For anterior gummy smile, botulinum toxin A (xeomin, incobotulinum A) was injected in the Yonsei point while for posterior gummy smile it was injected at a point 1 cm away from the commissures, the number of units was 2.5 U for mild gummy smile less than 5 mm and 5 U were used for more extensive gummy smile.
Assessment of treatment results were done using standardized 2D photographs of maximum smile. The resting as well as maximum smile photographs were acquired at T0 “before injection” and T1 “14 days after 1st injection”, T2 “4 month after 1st injection”, T3” 14 days after 2nd injection”, T4” 4 months after 2nd injection”, T5 “14 days after 3rd injection” and T6” 4 months after 3rd injection”. The standardized digital photographs were used to assess the effect of treatment on the amount of reduction of gingival display.
Both groups showed a statistically significant reduction in the amount of gingival display at T1, T3 for both groups and at T5 for the second group, there was no statistically significant difference between two groups at T0 to T4, for group 1 there was no statistically significant difference between mean gingival display at T0, T2 and T4. for group 2 The mean gingival display at T6 showed statistically significantly lower value compared to gingival display at T0.
Regarding upper lip mobility, at T0, T1, T2, T3 as well as T4, there was no statistically significant difference between mean upper lip length mobility measurements between the two groups. Both groups showed a statistically significant reduction in upper lip mobility at T1, T3 for both groups and at T5 for the second group, for group 1 there was no statistically significant difference between mean upper lip mobility at T0, T2 and T4. However, for group 2 at T6 showed statistically significantly lower value compared to gingival display at T0.

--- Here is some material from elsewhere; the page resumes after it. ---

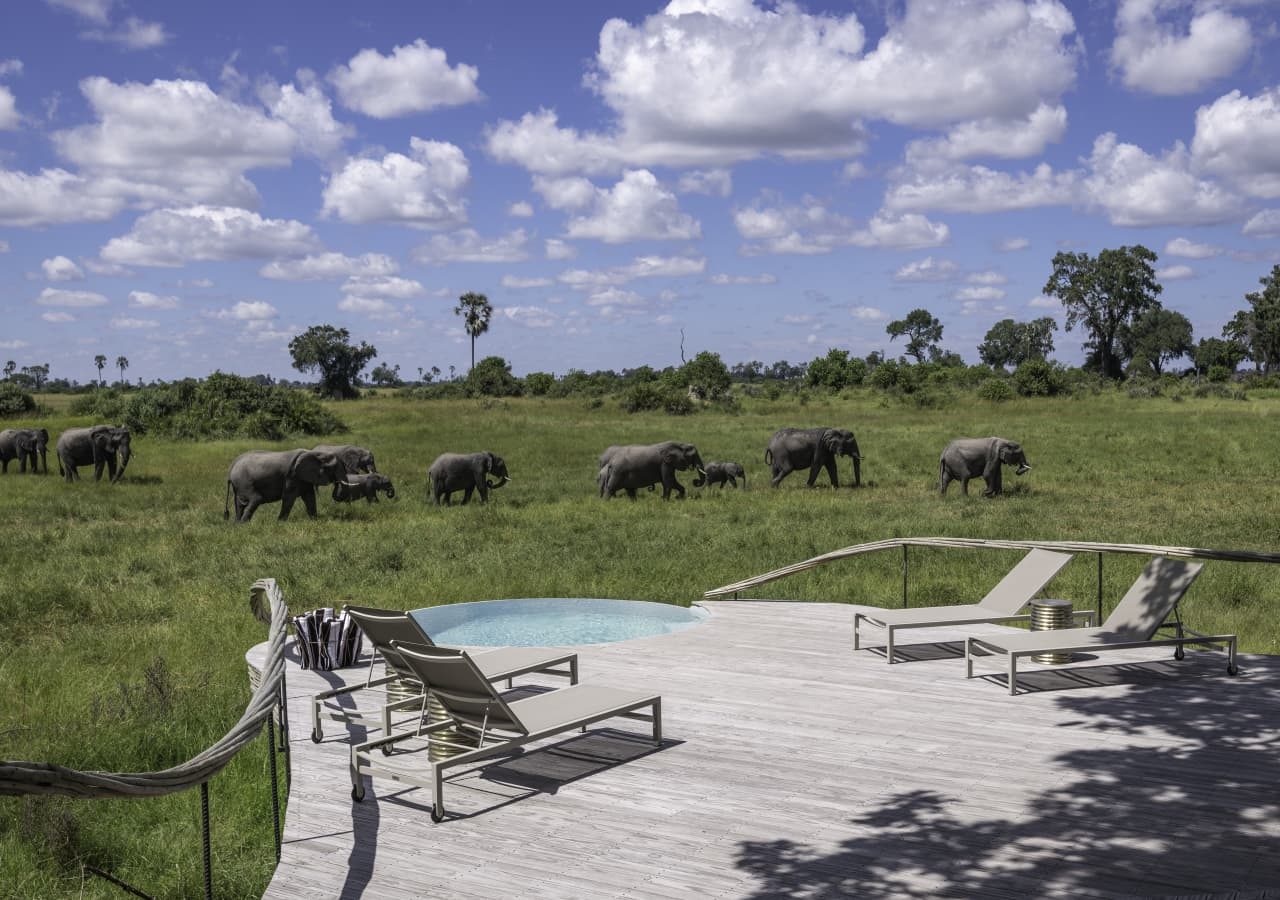 Little mombo camp elephants passing the pool 1280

As for upper lip length reduction, at T0, T1, T2, T3 as well as T4, there was no statistically significant difference in mean upper lip length reduction measurements between the two groups, Both groups showed a statistically significant reduction in upper lip length reduction at T1,T3 for both groups and at T5 for the second group, for group 1 there was no statistically significant difference between mean upper lip length reduction at T0, T2 and T4. However, for group 2 the at T6 showed statistically significantly lower value compared to upper lip length reduction at T0.
Regarding survey results, only 12.5% of participants felt dizzy or sick during or after injection. About one fifth of participants (18.8%) felt cold-like symptoms after injection. None of the participants had extensive allergy that required medical attention. The majority of participants (87.5%) agreed to repeat Botox injection if needed.